Recently refurbished and renovated centre of town and civic activity

Brackley’s crowning glory is the beautiful and imposing Town Hall, commissioned in 1704 by the Egerton family (4th Earl of Bridgewater). Originally, the ground floor was open to allow markets to take place. At the time, lace, wool and corn were popular trades and regular markets and meetings would take place beneath the enclosed upstairs. The upstairs room was used as a place of law with a jury room and also for council business, elections, political events and social events such as balls, much as it is used today!

It is believed that the Town Hall could have been based upon a design by Sir Christopher Wren. Wren’s protégé, Christopher Kempster, had designed the County Hall in Abingdon in the late 1600s when he was working with Wren. Brackley’s new Town Hall, which Kempster started some 20 years after Abingdon, shares striking similarities with his Abingdon design. It is thought both are based upon a design by Wren.

The Town Hall has hosted some notable events, including a sermon by the founder of the Methodist Movement, John Wesley, who said of his encounter: “The congregation was large and attentive but seemed to understand me no more that if I had been talking Greek.”

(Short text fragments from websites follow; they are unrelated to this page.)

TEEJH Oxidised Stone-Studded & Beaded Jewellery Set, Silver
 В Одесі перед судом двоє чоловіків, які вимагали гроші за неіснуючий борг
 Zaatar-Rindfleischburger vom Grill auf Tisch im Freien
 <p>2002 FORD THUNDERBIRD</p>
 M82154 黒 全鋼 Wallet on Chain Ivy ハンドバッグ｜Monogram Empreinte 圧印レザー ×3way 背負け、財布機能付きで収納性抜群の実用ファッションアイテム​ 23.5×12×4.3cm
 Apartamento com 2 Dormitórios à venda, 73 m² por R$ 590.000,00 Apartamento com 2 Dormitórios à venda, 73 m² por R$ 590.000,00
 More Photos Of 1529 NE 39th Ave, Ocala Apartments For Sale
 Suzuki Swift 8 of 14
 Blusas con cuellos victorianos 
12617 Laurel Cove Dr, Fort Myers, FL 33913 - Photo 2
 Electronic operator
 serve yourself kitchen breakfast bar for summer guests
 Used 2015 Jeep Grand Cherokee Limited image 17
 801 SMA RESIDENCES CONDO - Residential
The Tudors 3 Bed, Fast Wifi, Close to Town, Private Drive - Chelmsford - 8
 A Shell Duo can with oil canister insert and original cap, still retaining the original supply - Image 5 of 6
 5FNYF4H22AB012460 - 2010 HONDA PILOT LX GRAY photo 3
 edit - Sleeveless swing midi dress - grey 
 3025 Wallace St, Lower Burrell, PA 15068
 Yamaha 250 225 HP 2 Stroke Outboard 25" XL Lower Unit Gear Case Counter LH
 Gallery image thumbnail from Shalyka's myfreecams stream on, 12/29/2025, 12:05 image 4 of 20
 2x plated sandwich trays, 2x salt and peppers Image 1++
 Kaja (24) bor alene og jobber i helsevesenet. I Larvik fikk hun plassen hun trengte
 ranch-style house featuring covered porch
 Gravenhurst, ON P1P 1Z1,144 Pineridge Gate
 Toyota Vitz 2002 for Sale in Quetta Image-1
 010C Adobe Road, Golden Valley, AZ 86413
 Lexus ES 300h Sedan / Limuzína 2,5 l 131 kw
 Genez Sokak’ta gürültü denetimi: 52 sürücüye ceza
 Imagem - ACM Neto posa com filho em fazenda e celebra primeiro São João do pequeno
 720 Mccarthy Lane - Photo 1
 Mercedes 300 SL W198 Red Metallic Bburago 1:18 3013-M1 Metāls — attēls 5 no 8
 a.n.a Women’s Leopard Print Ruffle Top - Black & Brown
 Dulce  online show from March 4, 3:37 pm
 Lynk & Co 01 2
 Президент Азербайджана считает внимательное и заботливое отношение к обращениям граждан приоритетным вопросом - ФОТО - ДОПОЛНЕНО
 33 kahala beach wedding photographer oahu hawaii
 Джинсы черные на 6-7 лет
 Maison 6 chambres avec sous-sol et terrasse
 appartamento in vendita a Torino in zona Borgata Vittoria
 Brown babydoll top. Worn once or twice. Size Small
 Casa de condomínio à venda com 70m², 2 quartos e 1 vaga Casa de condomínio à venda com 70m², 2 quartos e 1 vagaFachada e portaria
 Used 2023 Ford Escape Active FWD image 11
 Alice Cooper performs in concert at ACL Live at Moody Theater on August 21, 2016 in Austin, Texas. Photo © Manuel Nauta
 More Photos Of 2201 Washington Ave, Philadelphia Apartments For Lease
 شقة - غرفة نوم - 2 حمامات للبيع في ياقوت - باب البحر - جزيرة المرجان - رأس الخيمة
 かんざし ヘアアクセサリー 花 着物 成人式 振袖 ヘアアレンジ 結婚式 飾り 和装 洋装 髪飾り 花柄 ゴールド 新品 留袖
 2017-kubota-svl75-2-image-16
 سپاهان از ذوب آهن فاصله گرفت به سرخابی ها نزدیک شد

In 1876 the downstairs arcade was filled in to create an indoor space and in 1883 the great-great Nephew of Scroop Egerton, who commissioned and paid for the original building, expanded the building considerably. Whereas the original building had four bays, the new building had five. Pillars were introduced downstairs, the stone at the front was moved to the sides to accommodate a grander new stone entrance. The clock tower was also moved to accommodate the new dimensions.

An external fire escape was added in 1913 due to fear that only one staircase in the building was insufficient.

The Town Hall has recently undergone a multi-million pound refurbishment to make it ready to face the next three centuries with the same confidence and style it has the last 300 years.